Obama was criticized recently for not showing anger about the oil spill. Naturally, he has also been criticized on more substantial grounds, such as the way the government has been handling (or not handling) the situation.
From a appearance standpoint, perhaps Obama should work on showing anger in the generally accepted way. After all, it is claimed that perception is reality in politics, so Obama has to make people perceive that he is angry so that they will believe he is angry. Merely saying it is not enough, apparently. He has to emote anger in a way that people get and this seems to be an big deal to some folks.
While I do recognize the eternal need of political theater, I do not see Obama’s lack of visible anger as a flaw. This is, not surprisingly, because I am not inclined to let my anger run wild or even express it in the stereotypical way. One reason is, not surprisingly, is the influence of Plato and Aristotle. Plato argued that allowing emotions like anger to hold sway over reason is to invite disaster.
He also, conveniently enough, noted in the Republic that a foolish and fitful temperament is easy to understand and imitate, “Whereas the wise and calm temperament, being always nearly equable, is not easy to imitate or to appreciate when imitated, especially at a public festival when a promiscuous crowd is assembled in a theatre. For the feeling represented is one to which they are strangers.”
Plato seems to be quite right about this. While Obama should hold BP accountable for its actions and these actions are worthy of anger, what is needed is not pandering to the media’s need to see its manufactured rage mirrored in the president. Rather, what is needed is rational and effective action. Of course, some stirring speeches would be a nice touch as well.
This is not to say that people should not be angry at BP. However, it is (to steal from Aristotle) easy to be angry. What is difficult is being angry in the right way, at the right time, for the right reasons, towards the right people and in the right way. As such, this sort of anger is not merely an expression of rage, but a considered anger. This sort of rational anger generally does not manifest itself in a loud, red-faced, and boiling hot form. Rather, it tends to be a cold, quiet anger.
Of course, this sort of anger can easily be confused with a lack of anger or even indifference. This can be a bit of a problem since people might not be aware of the anger or might misinterpret it.
Of course, it must also be noted that perhaps Obama is not angry at all. Perhaps he is detached or even unconcerned. For the sake of argument, let it be supposed that this is true.
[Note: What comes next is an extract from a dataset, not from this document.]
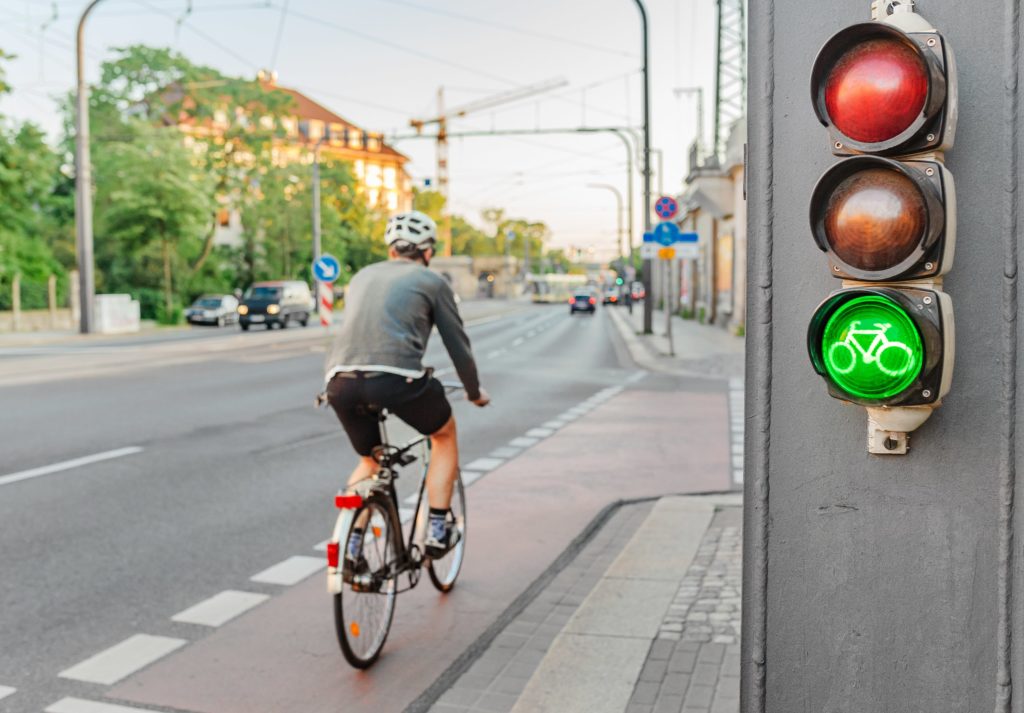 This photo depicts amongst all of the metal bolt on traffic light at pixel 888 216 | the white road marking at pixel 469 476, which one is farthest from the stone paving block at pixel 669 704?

Even in this case, it would not really matter. What matters is not what the president feels or whether he emotes in a way that people can easily recognize. What matters is how effectively he leads and accomplishes things (or fails to do so).
That said, a mastery of expressing emotion does seem important as a tool for swaying the masses. The sophists did an excellent job developing these tools and a clever politician would be a fool to not use them. As Aristotle noted, the many are not ruled by reason, but by emotion. As such, it is hardly a wonder that people are crying out for Obama to show anger. However, I would much prefer that he had an effective plan and could implement it.
As a final point, it is probably best if he refrains from any future use of “ass” in the context of applying a kick. Such talk seems to be unnatural for him, at least in the public context. Also, it hardly seems to fit the seriousness of the situation. But, at least he did not say he was going to “pwn some noobs.” That would have been way too much.